Instead, no, have to get rid of that. I believe the Premier is wrong in this, and I believe it’s wrong to repeal the accountability act, and I ask the Premier how he intends to account to Yukoners, how he intends to set performance targets, and how he intends to show Yukoners he has met them.

Hon. Mr. Fentie:   Mr. Chair, I don’t know verbatim, but I’m going to try to relay this back to the House — the member has just stood on her feet and said that on this side of the House — the government side — it wouldn’t matter what the opposition said, we’re going to do what we want. I then say to the member opposite, how is it then that this Assembly, through its efforts, unanimously passed five motions — together, accepting amendments, debating, working on these things together.

I challenge the member to go back through the historical data of this Legislative Assembly and find how many times a government and opposition, in the few short weeks of a sitting, have managed to pass five substantive motions — important motions to Yukoners — unanimously. You’d be hard-pressed to do that, Mr. Chair, so that argument is out the window.
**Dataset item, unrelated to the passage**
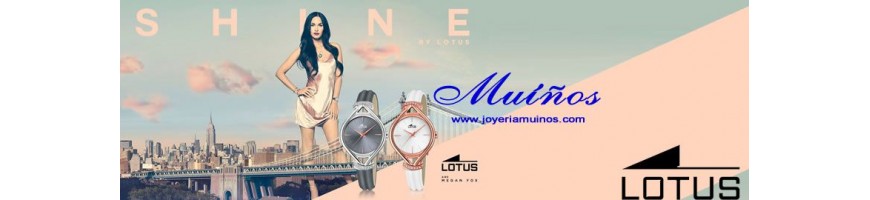 Relojes Megan Fox Lotus. Bliss, la colección para Mujer más elegante.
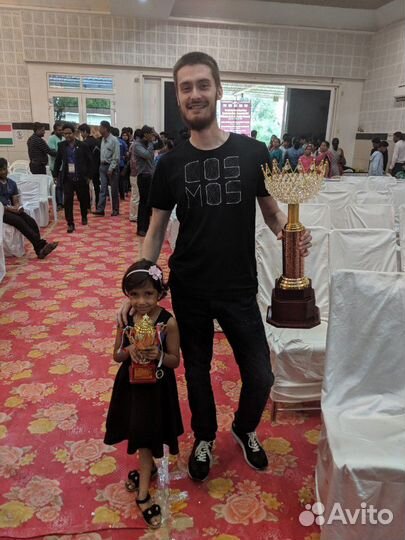 Тренер по шахматам(Международный Гроссмейстер)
We are working with the opposition benches, and that’s proof positive. When the opposition makes a positive, constructive suggestion, we don’t ignore it because we have a majority; we’ve incorporated it. That’s good governance.

Mr. Chair, the member opposite said that, by repealing this act, we are denying accountability to the Yukon public. Nothing could be further from the truth. Repealing a piece of legislation that commits government to expend vast amounts of money, resources and time to create motherhood statements does not equate to providing accountability to the public.

It doesn’t. It never will. The departments, each and every one of them, are accountable for their budgets. The departments have a clear set of objectives and a mandate laid out for the public. It’s a matter of public record. The departments list, in their budget, their expenditures, O&M and capital, and list their recoveries. The departments also show the estimates for the fiscal year that we’re dealing with and the actuals for the previous fiscal year — a comparison. The departments provide a great deal of statistical information to be accountable to the public and bear that out.

The member asked how we’re going to do that. Well, we have stated it publicly on the floor of this House by returning to an old format that was working very well, but there’s more to it. It’s called the delivery of product. Measurement is measured by the product the government delivers — and that product as it relates to the commitments the government side made to the public during election.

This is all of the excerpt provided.